Let $A=\left\{ \left(\dfrac{m+n+1}{m+n}\right)^{m+n};\ m,n\in\mathbb{N}^* \right\}$.
Calculate the supremum of $A$ ($\sup A$).
I tired
To find the first few elements of $A$
$\left(\dfrac{3}{2}\right)^{2}$ It appears that $\sup A=\left(\dfrac{3}{2}\right)^{2}$ We use the definitions of $\sup A$ to prove this result
For any $x\in A$ we have $x=\left(\dfrac{m+n+1}{m+n}\right)^{m+n}$
any help would be appreciated
Hint
$$\lim_{n\to\infty}\left(1+\frac1n\right)^n=e$$
EDIT:
$$\left(\frac{m+n+1}{m+n}\right)^{m+n}=\left(1+\frac{1}{m+n}\right)^{m+n}$$
Since $m+n$ can take any natural value $\ge 2$, and the sequence $$\left(1+\frac 1n\right)^n$$ is increasing and bounded, the supremum of $A$ is the limit of the sequence.

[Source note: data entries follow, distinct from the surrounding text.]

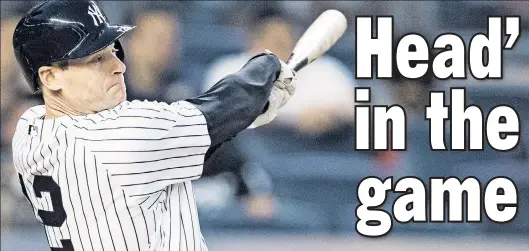  ?? Paul J. Bereswill ?? TURNING THINGS AROUND: Chase Headley strokes an RBI double, reaching third on a fielding error, in the third inning Monday night at the Stadium. After a miserable start in 2016, Headley leads the Yankees in batting average, runs scored and on-base...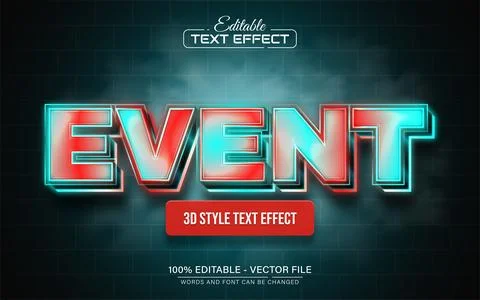 Event neon glowing 3d text effect editable Illustrazione stock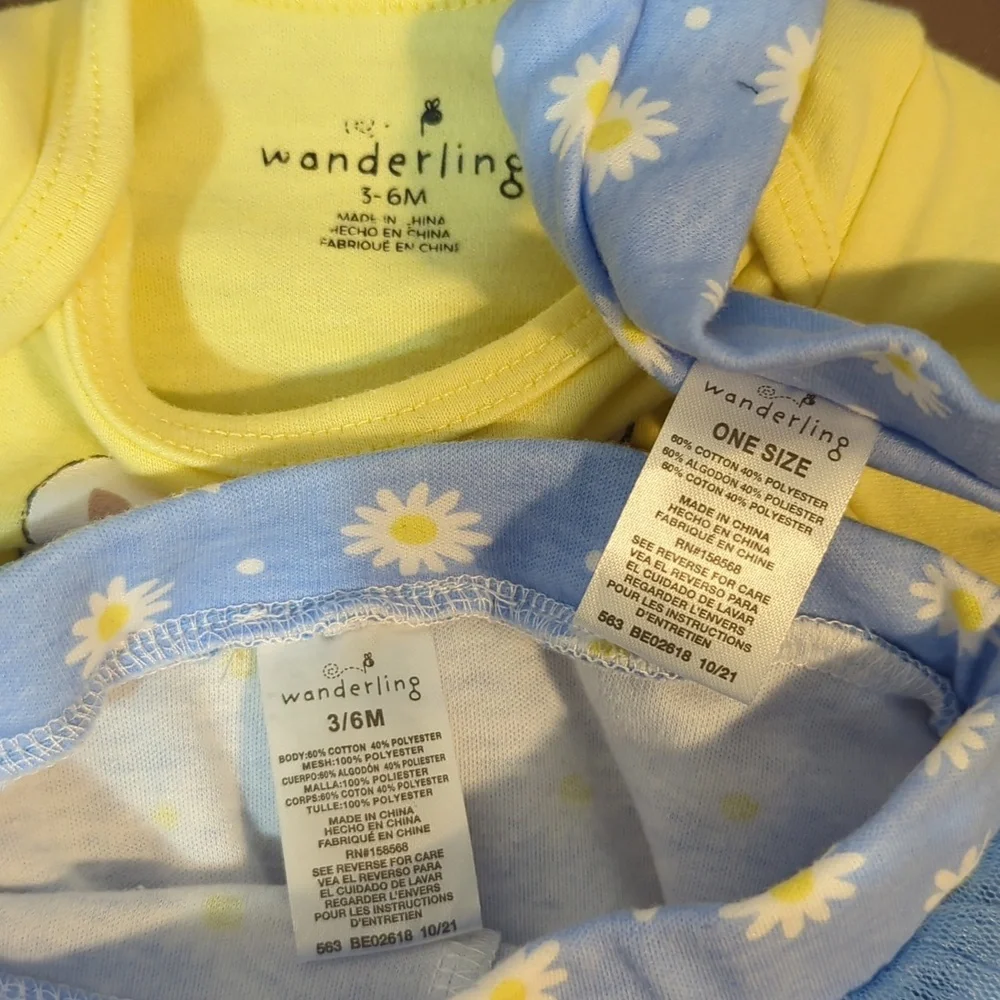 Baby Girl Outfits 9 Piece Lot 3 ea onesie bottoms bows all Matching 3-6 mo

Remember that the sequence $$ \left(1+\frac{1}{k}\right)^k,\qquad k\in\mathbb N, $$ for $k\in\mathbb N$ is monotonically increasing and tends to $e$ as $k\to\infty$, so we guess that $\sup(A)=e$. To see this, fix $m,n\in\mathbb N$. Then for $k=m+n$ we have due to the monotony that $$ \left(\frac{m+n+1}{m+n}\right)^{m+n}=\left(1+\frac{1}{k}\right)^k\leq e, $$ and since $m$ and $n$ were arbitrary, we have $x\leq e$ for each $x\in A$, so $e$ is an upper bound of $A$. But it must be the smallest one, since for $m=0$ and arbitrary $n$ the numbers $$ \left(\frac{m+n+1}{m+n}\right)^{m+n}=\left(1+\frac{1}{n}\right)^n $$ form a sequence of elements of $A$ which tends to $e$. (If you are not allowed to choose $m=0$, then you can also take $m=n$ (or even $m=1$). Then you end up with $$ \left(\frac{m+n+1}{m+n}\right)^{m+n}=\left(1+\frac{1}{2n}\right)^{2n}, $$ and you can use the same argument as before (note that $(1+\frac{1}{2n})^{2n}$ is a subsequence of $(1+\frac{1}{n})^n$).